The Staffords: A Brief History of the Staffordshire Regiment

Our audience was treated to a fact-packed journey through the history of the Staffordshire Regiment at our December meeting. Retired Major, Ted Green left no one in doubt of his depth of knowledge of the Regiment, both as a serving officer and subsequently as curator of the Regimental Museum at Whittington. Predictably, the history of a long established regiment is detailed and complex. Those yearning for impressive detail must visit the regimental museum or its website.

The Regiment traces its roots to 1705 when Luke Lillingston, already a serving soldier, paused at Lichfield and sought to raise his own regiment. Two hundred and fifty men signed up at The King's Head Public House in Bird St, but, remember, at this time the Regiment was named for Lillingston, not for Staffordshire; it then being the practice for courtiers or wealthy individuals to raise their own regiments in support of the monarchy. The Regiment was soon embroiled in the War of Spanish Succession, being dispatched in 1707 to the West Indies to defend English possessions. There they remained until 1764, achieving the longest unbroken military deployment in the history of the British Army. Whilst they were away in the West Indies army reforms abolished the personal naming of regiments and adopted the use of geographical areas, largely to encourage recruitment and a sense of local comradeship. Hence, Lillingston's Regiment became the 1st South Staffordshire Regiment, the 38th Regiment of Foot. A second regiment was formed in 1793, as the 2nd South Staffordshire Regiment, the 80th Regiment of Foot. In parallel, 1756 saw the creation of a North Staffordshire Regiment, the 2/11th Regiment of Foot, enhanced in 1758, by a 64th Regiment of Foot. Recruitment for the regiments was geographical, with Watling Street generally demarking the north and south recruitment areas. Remember, at this time, the fertile recruiting ground of the Black Country was largely in Staffordshire. Lichfield recruited for the North Staffordshire Regiment. In 1793, Lord Henry Paget, Marquis of Anglesey formed the 80th Regiment of Foot, The Staffordshire Volunteers, a form of Territorial Reserve. Paget is well know as the Duke of Wellington's deputy at the Battle of Waterloo. 1824 saw the formation by Colin Campbell, Lord Clyde, of the 98th Regiment of Foot of the North Staffordshire Regiment. During this period, both Regiments served widely at home and overseas, including Persia and India. However, by then many of the recruits were Irish.

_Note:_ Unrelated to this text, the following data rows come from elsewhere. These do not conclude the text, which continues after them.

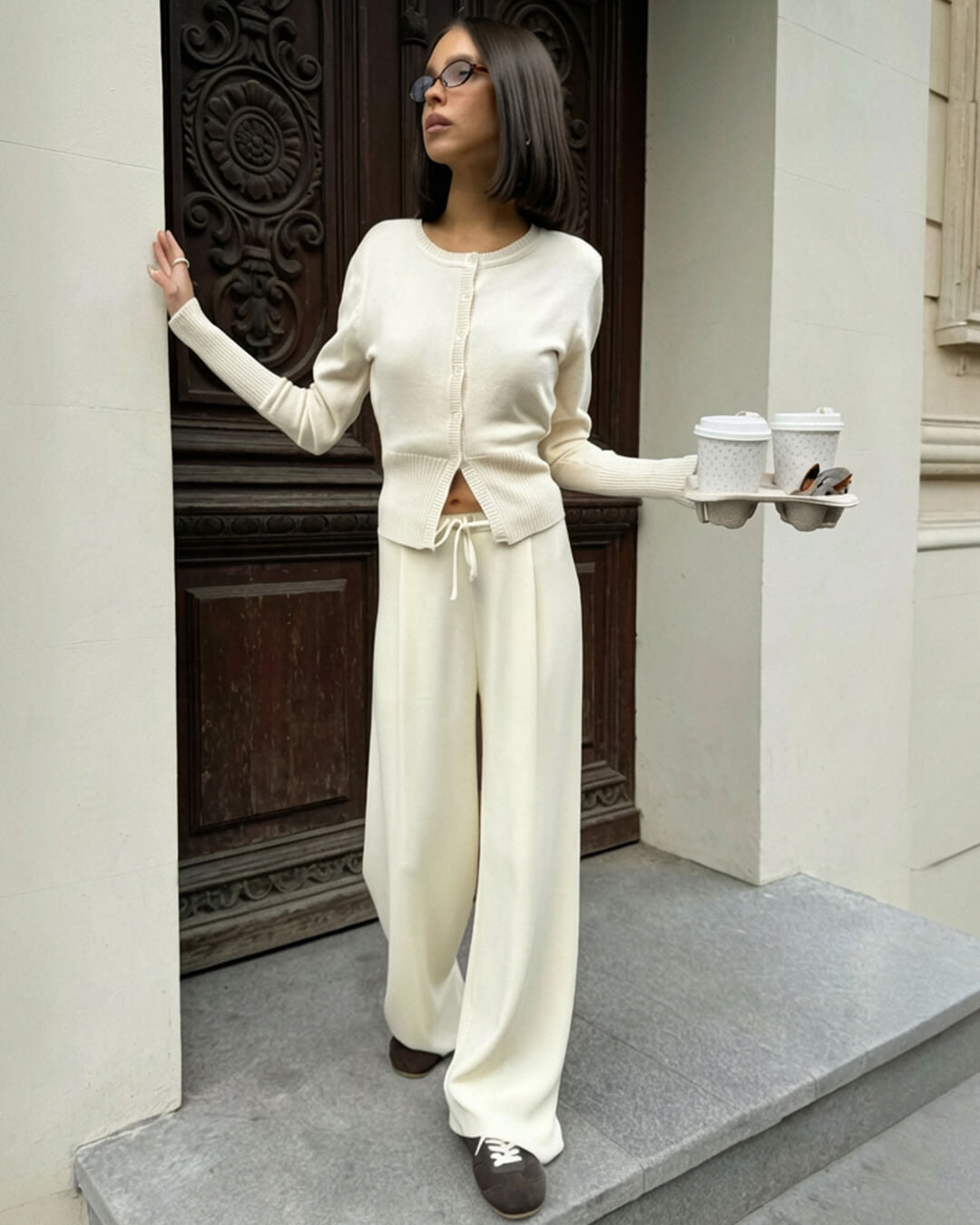 QUINN | Knitted Cardigan and Trousers Set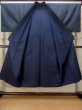 Photo2: N0116M Vintage Japanese  Dark Navy Blue Men's Kimono / Silk. Plaid Checks   (Grade C) (2)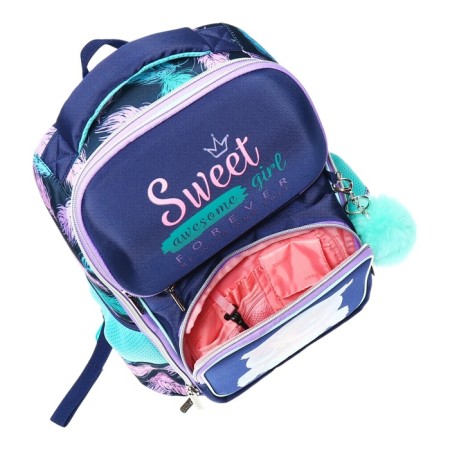 School backpack 37x28x14, ergonomic back, Devente Smart 14l, Happy Owl, for girls, turquoise/purple-7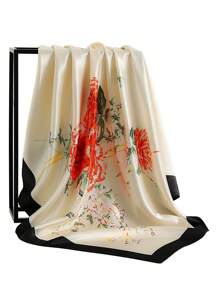 1pc 35.4 Inch Square Scarf, Fashion Printed 90cm Scarf Shawl Neckerchief Luxury Silk Feeling For Women, All Season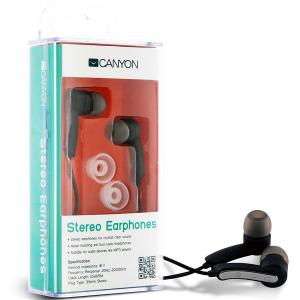 Headphones CANYON CNR-EP01N (20Hz-20kHz, Cable, 1.5m) Black/Silver, Ret.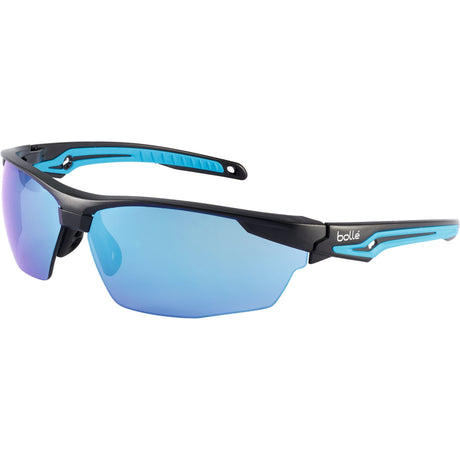 Sporty eyewear featuring a semi-rimless design, blue mirrored lenses with UV protection, and a sleek black and blue frame, all complete with the Sparex logo on the temple. Introducing the Safety Glasses - TRYON - S.162027.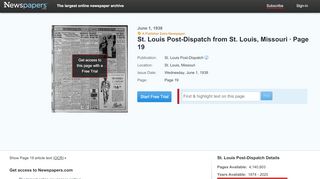 
                            7. St. Louis Post-Dispatch from St. Louis, Missouri on June 1, 1938 ...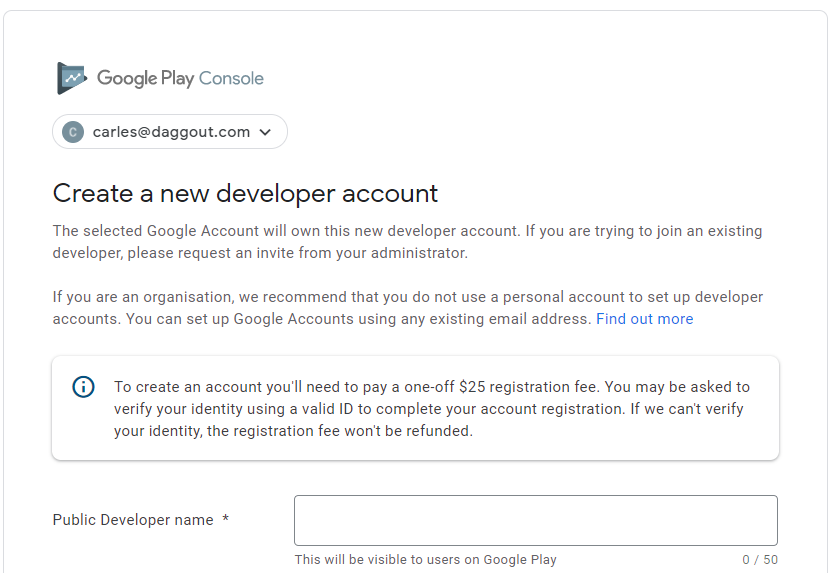 Google Play console sign up form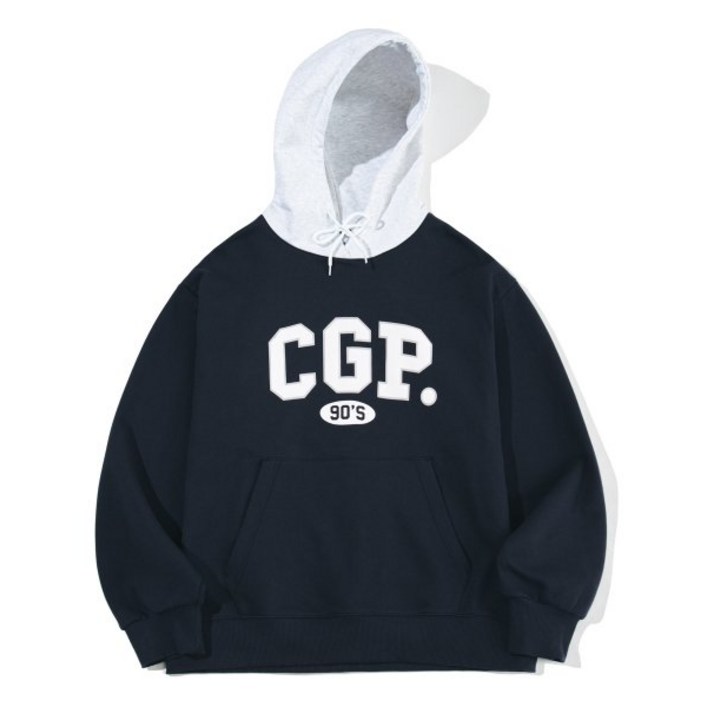 코드그라피 후드티 90S CGP 믹스 배색 후디네이비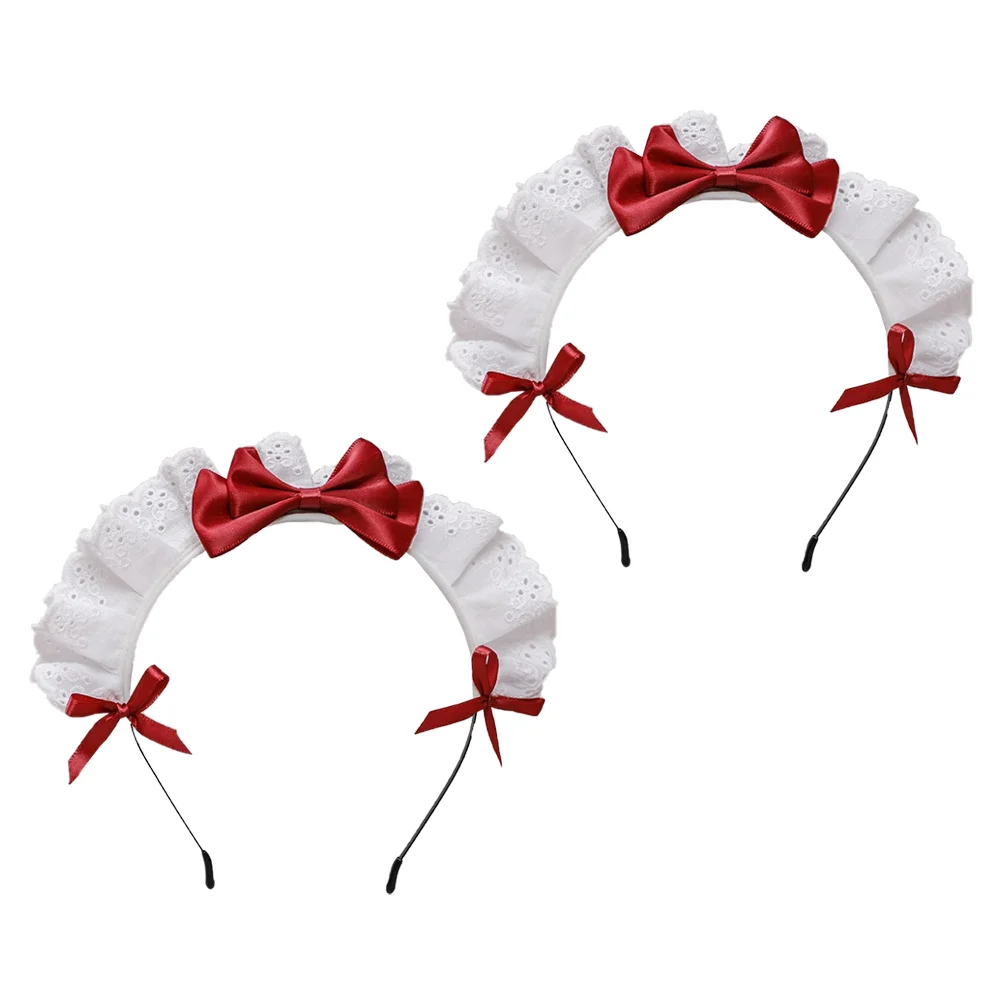 

2 Pcs Headband Lolita Hairhoops Girls Party Headdress Bows Headwear Accessories Cloth Miss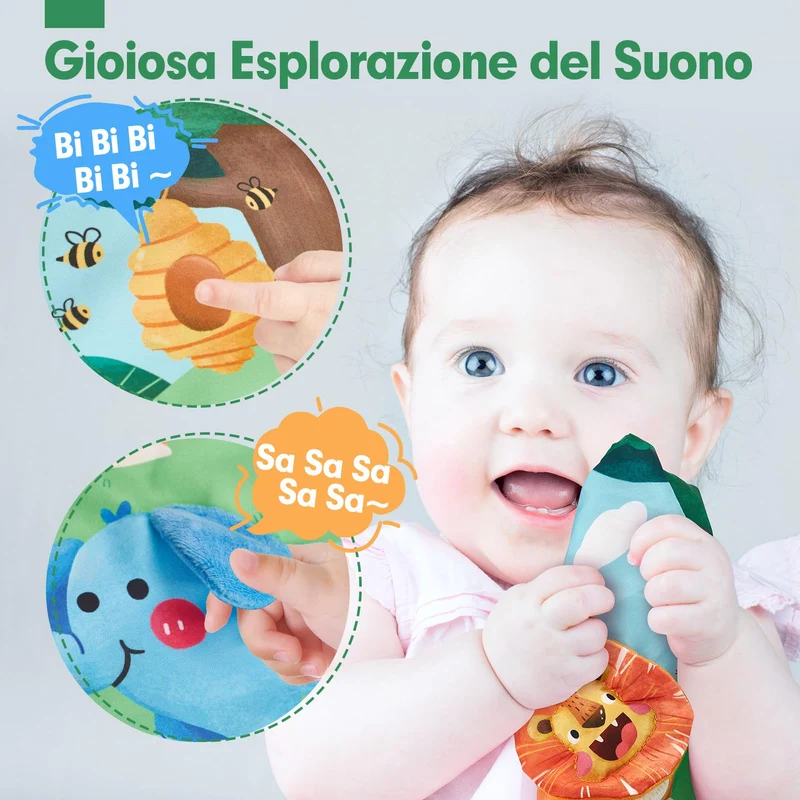 hahaland Specchio Neonati Giochi Neonato 0 3 6 Mesi, Libro Sensoriale con Specchio, Tummy Time Neonati Bianco e Nero Giochi Montessori 6 Mesi Giocattoli Educativi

The disastrous outcome of the Crimean War and the Indian Mutiny at last forced the Government to reform the army. In 1872, the Cardwell Reforms abolished the purchase of commissions and codified regimental numbering. Henceforth, regiments were to be formed of two battalions, with one usually based at home whilst the second served overseas. In 1881, the South Staffs and North Staffs Regiments were formed from four of the old regiments of Foot, the North Staffs now being renamed The Prince of Wales's (North Stafforshire Regiment). At this time, the old County Militias and Volunteers were linked to the two regiments too. They and others elsewhere formed an embryonic Territorial Army. Incidentally, the Militia Barracks were located in Birmingham Rd and the Volunteers headquarters were in Armoury House, Frog Lane. By 1908, both regiments had six battalions, two Regular, two Militia and two Territorial.

This arrangement persisted throughout the First World War, when the two regiments had 35 battalions between them. They participated in the Battle of Loos and fought at The Somme and St Quentin, sustaining heavy casualties. Indeed the British Army's most decorated non-commissioned officer was Lance Corporal Bill Coltman of Rangemoor, Burton on Trent. A stretcher bearer, he risked his life many times to rescue wounded soldiers from the battlefield. For his bravery, he ended the war with a VC, DCM and bar and MM and bar. These medals are held by the Museum. The Second World War saw the Regiments fighting in North Africa, Burma, Italy and France. In 1948, both Regiments were reduced in size and then, inevitably, in 1959, they were amalgamated as The Staffordshire Regiment (The Prince of Wales's). The Regiment had tours in Northern Ireland (six in total), Korea, Cyprus, Kenya and Uganda. They took part in the Gulf War, and were deployed to Iraq. In 2007 the Regiment combined with the Cheshire and Shropshire Regiments to become the 3rd Battalion Mercian Regiment (Staffords). Since when, they have seen action in Afghanistan, suffering fatal casualties. However, the inheritance of The Staffords lives on. They regularly exercise their Freedoms to march through many Staffordshire towns including Lichfield and Cannock is due to join the list in 2018. We must also not forget the Regimental Mascot, Staffordshire Bull Terrier Watchman VI, recently promoted to Colour Sargeant!

Ted is justly proud of the Regimental Museum. Its relatively small size has been offset by interesting displays and positive initiatives, including the World War I trenches and military vehicle collection. Moves are afoot to prepare a Heritage Lottery bid to improve the buildings. Those who wish for a greater insight into this important part of Lichfield's history, should plan to visit the Museum, which is open most days in the year.